La minera suiza adquirió el activo ubicado en Cusco y refuerza su presencia en el sur peruano en un contexto de fuerte competencia global por recursos cupríferos.
La suiza Glencore concretó la compra del proyecto cuprífero Quechua, situado en la región de Cusco, Perú, luego de que Pan Pacific Copper (PPC), subsidiaria de la japonesa JX Advanced Metals, resolviera retirarse del activo. Si bien los términos económicos de la operación no fueron divulgados, ambas compañías confirmaron la transferencia total de la participación.
La decisión de PPC se inscribe en una redefinición estratégica de su grupo controlador. JX Advanced Metals comunicó que la desinversión en Quechua responde a su política de abandonar proyectos en etapas tempranas para concentrar recursos en negocios de mayor valor agregado, vinculados a tecnologías avanzadas y materiales clave para la transición energética, con menor exposición a la volatilidad propia de la minería primaria.
Para Glencore, la adquisición fortalece su posicionamiento en Perú y consolida su huella en el sur del país.
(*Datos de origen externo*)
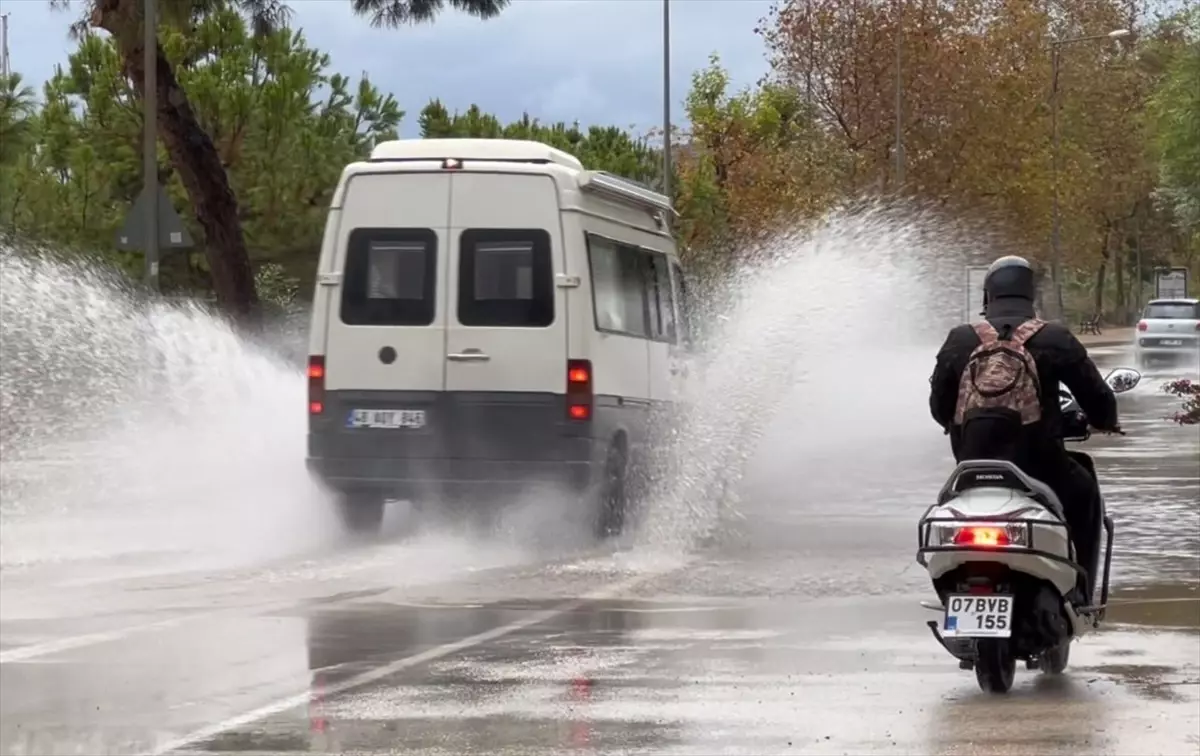 Kaş'ta Sağanak Yağış Hayatı Olumsuz Etkiledi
El proyecto Quechua se encuentra próximo a otras operaciones ya controladas por la compañía, como la mina Antapaccay y el proyecto Coroccohuayco, aún en desarrollo. Esta cercanía geográfica abre la posibilidad de generar sinergias logísticas y operativas, además de facilitar una planificación integrada de inversiones.
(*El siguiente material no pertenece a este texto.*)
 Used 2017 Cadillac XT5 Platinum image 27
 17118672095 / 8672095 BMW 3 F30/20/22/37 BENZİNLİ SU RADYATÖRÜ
Quechua no se encuentra actualmente en producción. Fue adquirido por PPC en 2007 con la expectativa de desarrollarlo como una mina a cielo abierto, con una producción estimada de unas 210.000 toneladas anuales de concentrado de cobre. Sin embargo, pese a estudios de prefactibilidad y evaluaciones técnicas, el proyecto no avanzó a la etapa de construcción. Con el cambio de control, el activo queda ahora en manos de una empresa con experiencia comprobada en el desarrollo y operación de proyectos mineros complejos.
De acuerdo con el Ministerio de Energía y Minas de Perú, Quechua forma parte de la cartera oficial de proyectos mineros del país y cuenta con una inversión estimada de US$1.290 millones. Su eventual reactivación podría representar un impulso relevante para el sector cuprífero peruano, que en los últimos años enfrentó tensiones sociales y mayores exigencias regulatorias.
La operación se da en un escenario internacional marcado por la creciente relevancia del cobre como mineral crítico para la transición energética, debido a su uso intensivo en infraestructura eléctrica, vehículos eléctricos, redes inteligentes y energías renovables. En este contexto, las grandes mineras globales buscan asegurar recursos de largo plazo, especialmente en jurisdicciones con tradición minera como Perú.
Desde la perspectiva local, el ingreso de un operador con la escala financiera y la experiencia de Glencore es interpretado como una señal de confianza en el potencial minero del país. A la vez, la eventual puesta en marcha de Quechua podría traducirse en mayores ingresos fiscales, generación de empleo e inversión en infraestructura en una zona con alto potencial geológico, pero también con demandas sociales pendientes.
Glencore no informó plazos ni definiciones concretas sobre el desarrollo del proyecto ni sobre nuevas campañas de exploración. No obstante, el interés de la compañía por consolidar sus operaciones en Cusco sugiere que Quechua podría integrarse a una estrategia regional coordinada junto a Antapaccay y Coroccohuayco, este último aún sujeto a procesos sociales y ambientales.
A nivel corporativo, la compra se inscribe en un reordenamiento más amplio del sector minero global, donde compañías como Anglo American, BHP, Rio Tinto y Freeport revisan sus carteras de cobre, impulsando ventas y adquisiciones en la región andina. En ese marco, Glencore refuerza su presencia con activos que podrían beneficiarse de economías de escala y costos operativos más bajos.
La evolución de Quechua bajo control de Glencore será seguida de cerca por el mercado y las autoridades peruanas, en un momento en que el equilibrio entre expansión productiva, sostenibilidad ambiental y gestión de los vínculos con las comunidades locales se vuelve central para el futuro de la minería en el país.